WHAT IS BEING ASKED ::
When the listing below reaches the line that has "Pantene Perfection Curls Shampoo", start reproducing exactly; stop after the line that has "Logotipo de Zahnprothesen", and drop the pictures.

RECORD SET ::
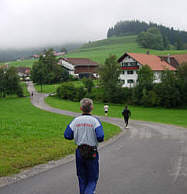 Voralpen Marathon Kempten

...

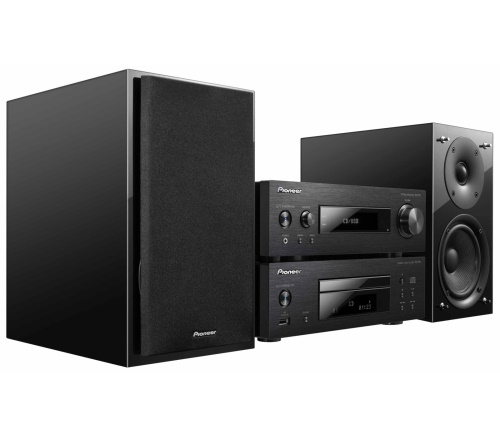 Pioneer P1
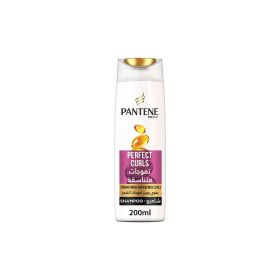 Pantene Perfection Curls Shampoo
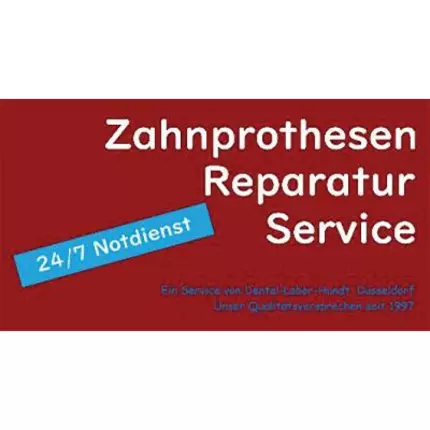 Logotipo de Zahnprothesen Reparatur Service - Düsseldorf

* * *

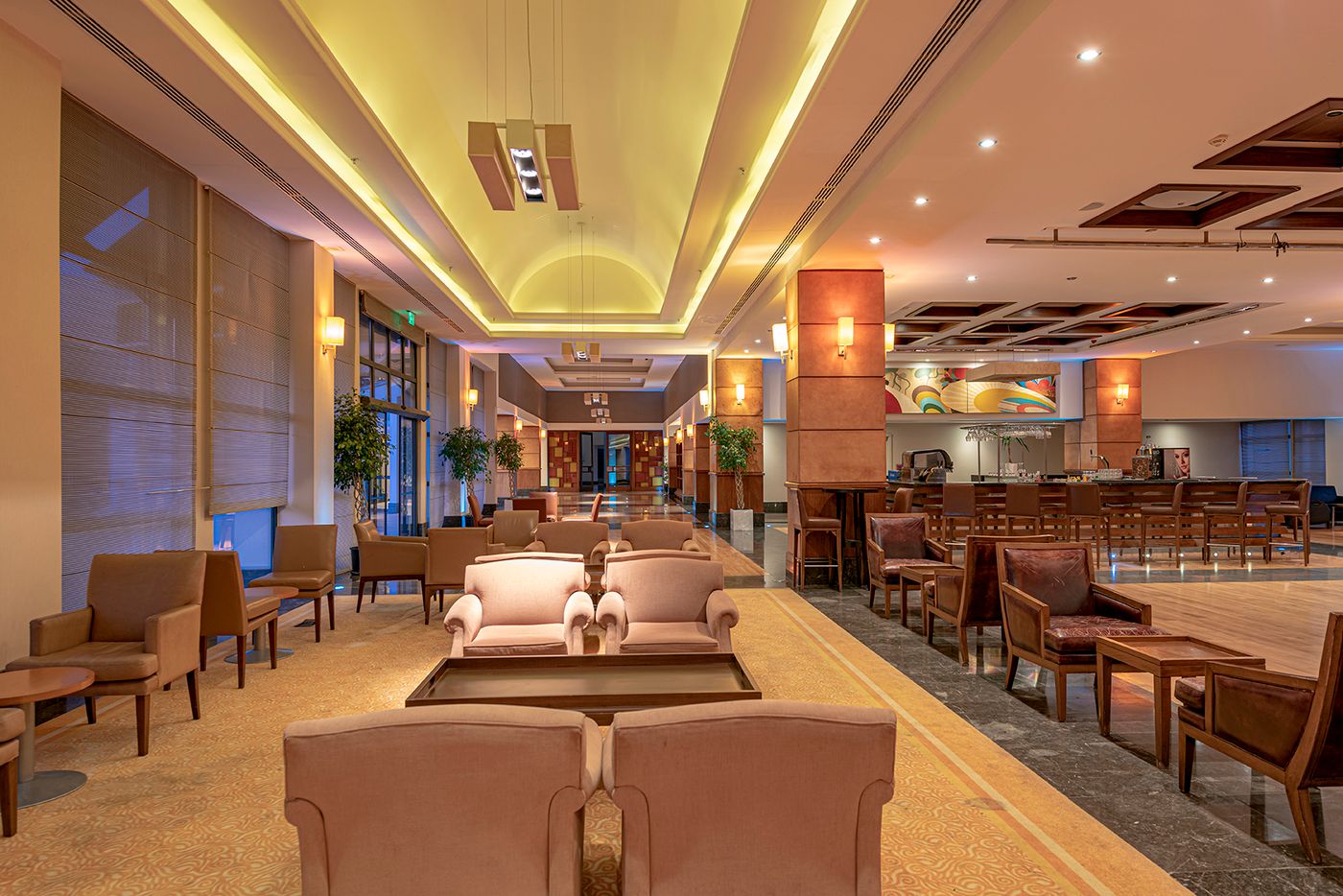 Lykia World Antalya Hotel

SOLUTION TO THE EXERCISE ::
 Pantene Perfection Curls Shampoo
 Logotipo de Zahnprothesen Reparatur Service - Düsseldorf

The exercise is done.